Start of Block

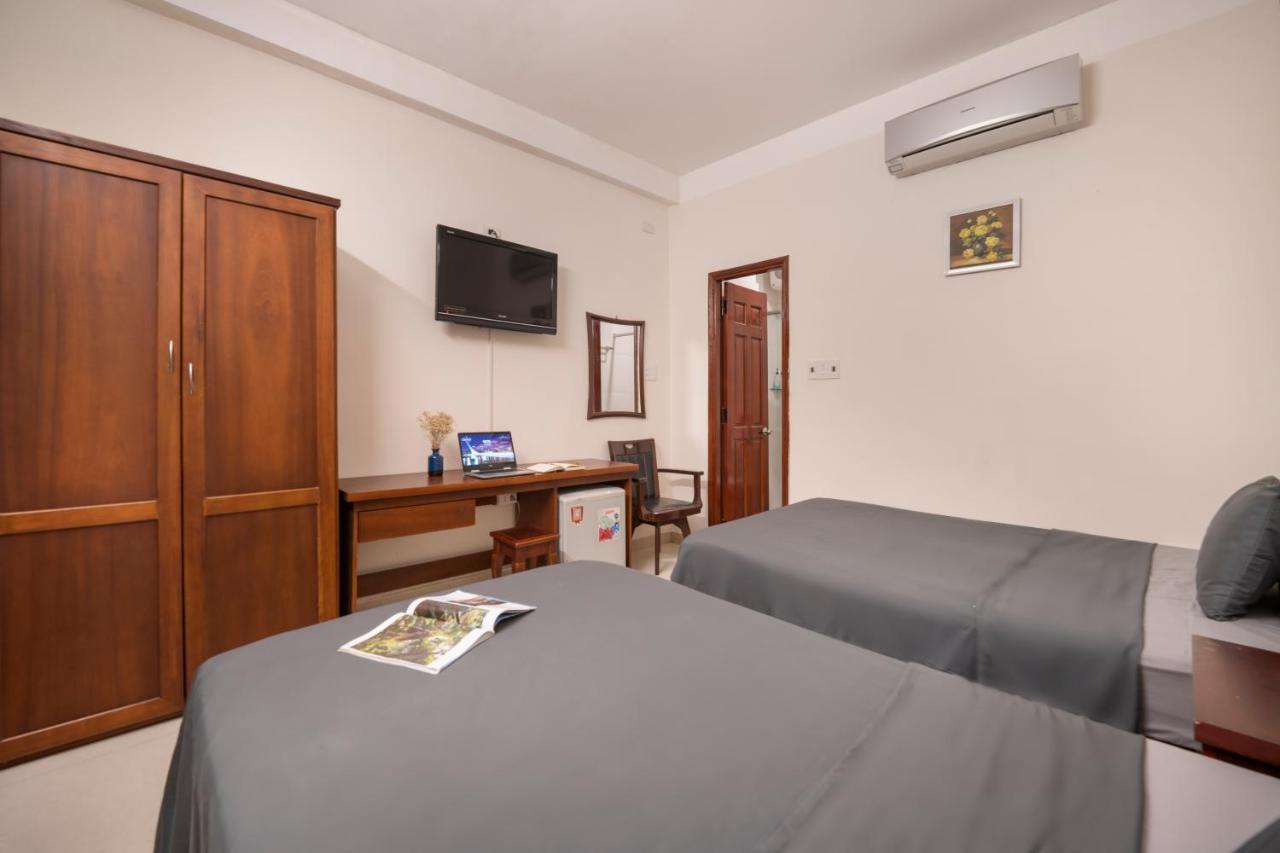 Rustic Hotel 岘港 外观 照片
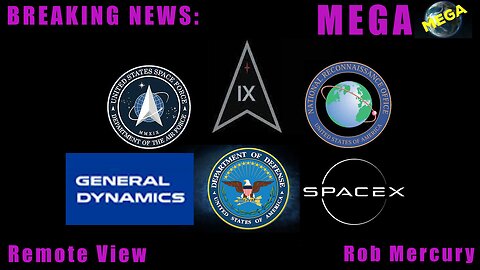 MILITARY MOVEMENTS, SPACE FORCE, DELTA 9, SPACEX, GENERAL DYNAMICS, NRO by Rob Mercury 1st July 2023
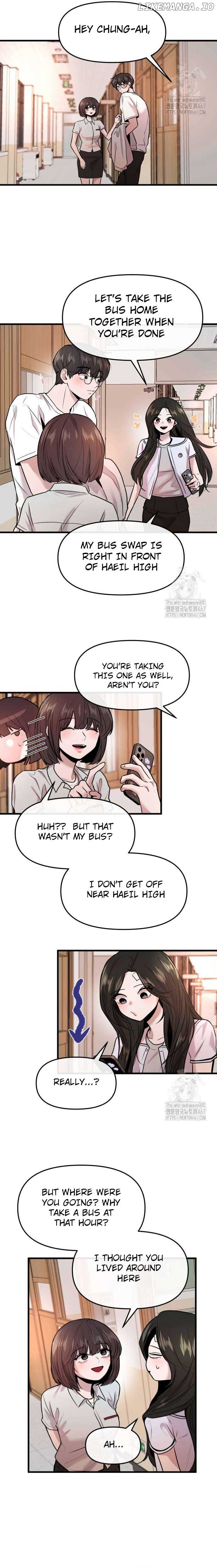 Back to Chanbi - Chapter 38 Page 20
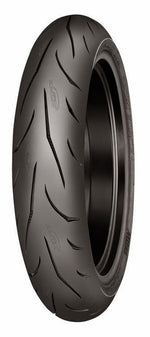 Mitas Sport Force+ Front Tyre TL 54S 110 70-17"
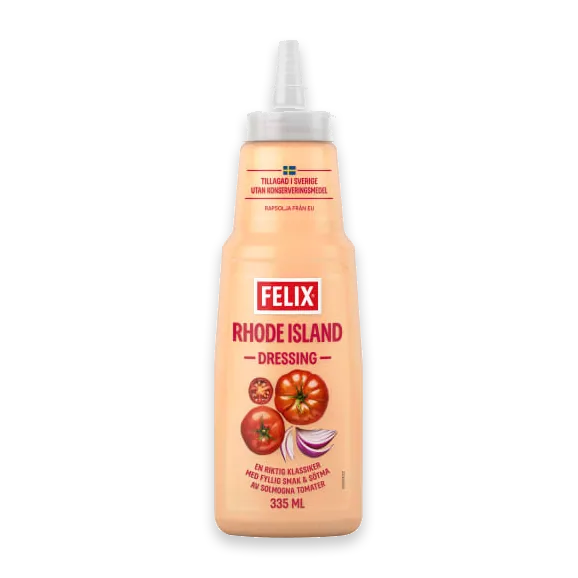 Rhode Island Dressing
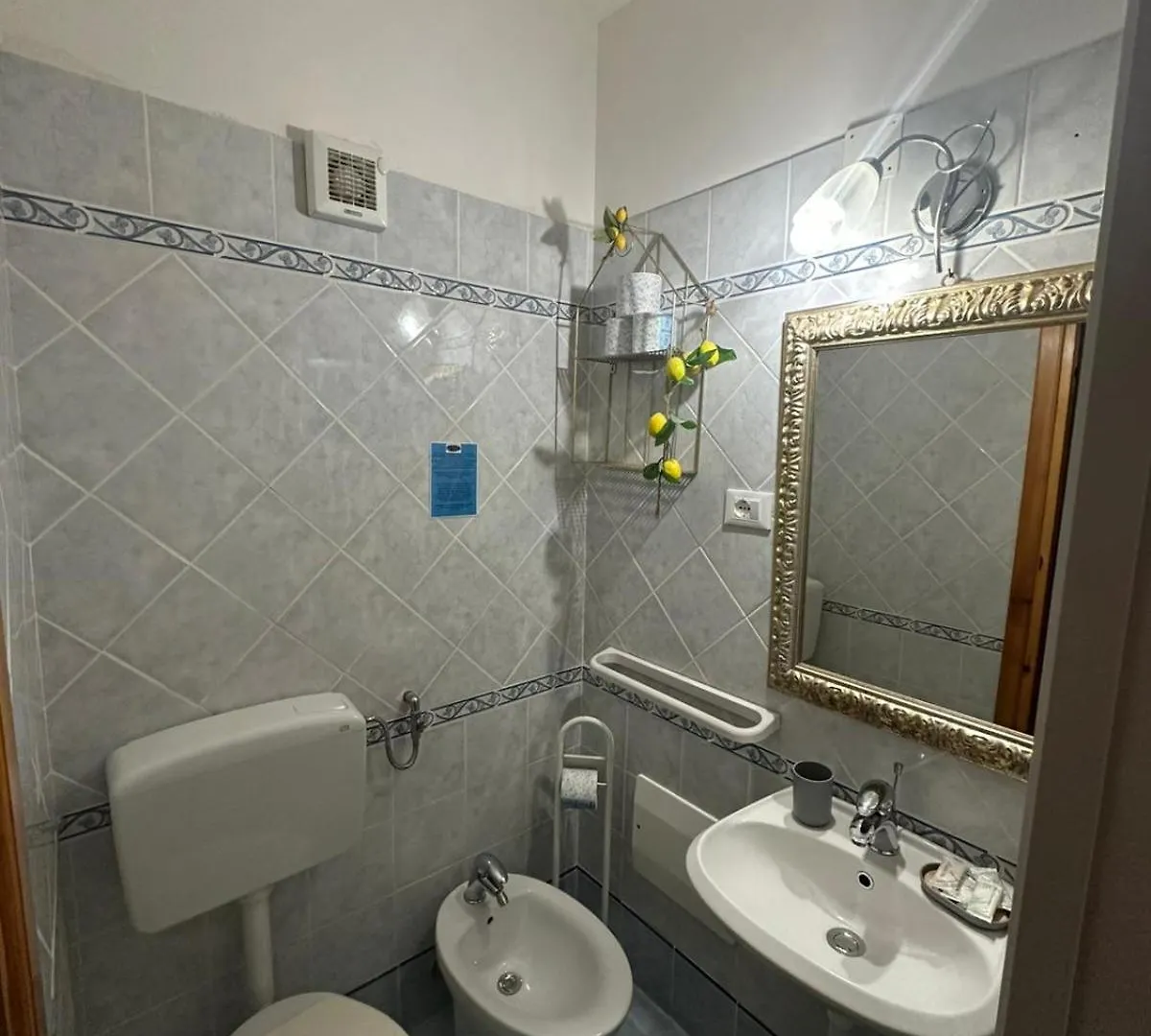 Guest House Al Giardino Dei Limoni Favignana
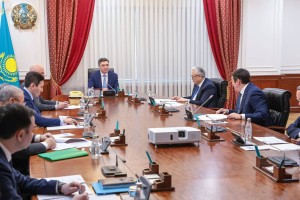 В Правительстве Казахстана обсудили перспективы развития атомной энергетики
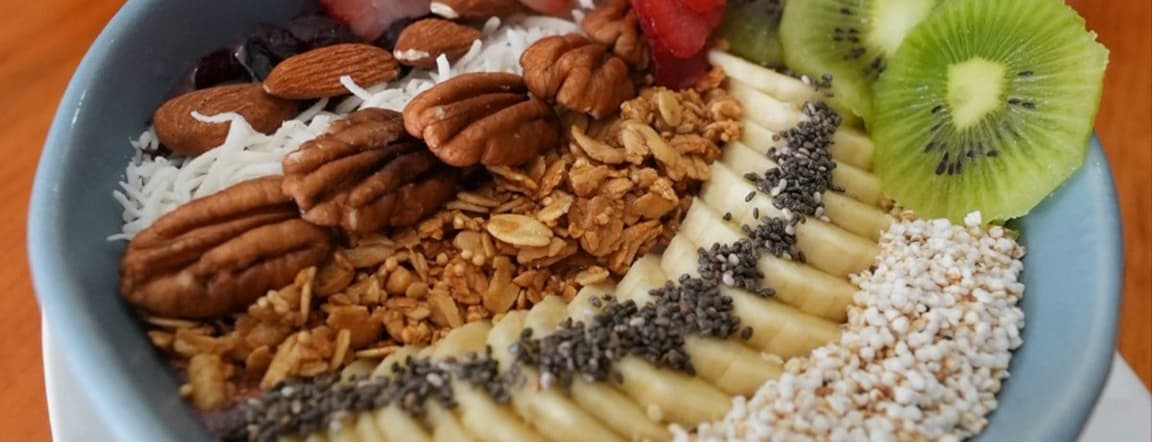 Acaí bowl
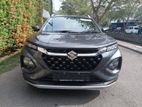 Suzuki Fronx Alpha Turbo 2025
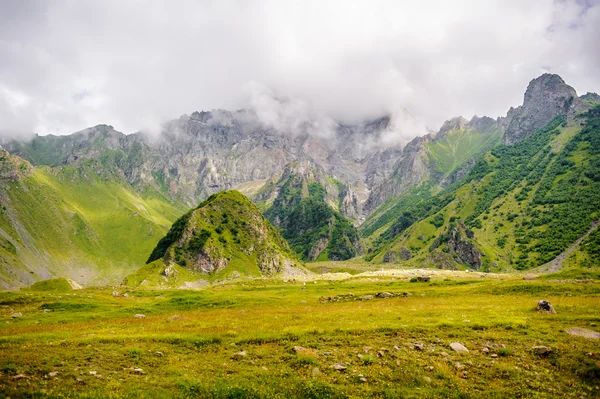 Naturen i Georgien — Stockfoto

End of Block

Task ->
No pictures should appear in the answer, which is to be the lines from the line with "Rhode Island Dressing" through the end of the records above, restated exactly.

Reply to the task ->
 Rhode Island Dressing
 Guest House Al Giardino Dei Limoni Favignana
 В Правительстве Казахстана обсудили перспективы развития атомной энергетики
 Acaí bowl
 Suzuki Fronx Alpha Turbo 2025
 Naturen i Georgien — Stockfoto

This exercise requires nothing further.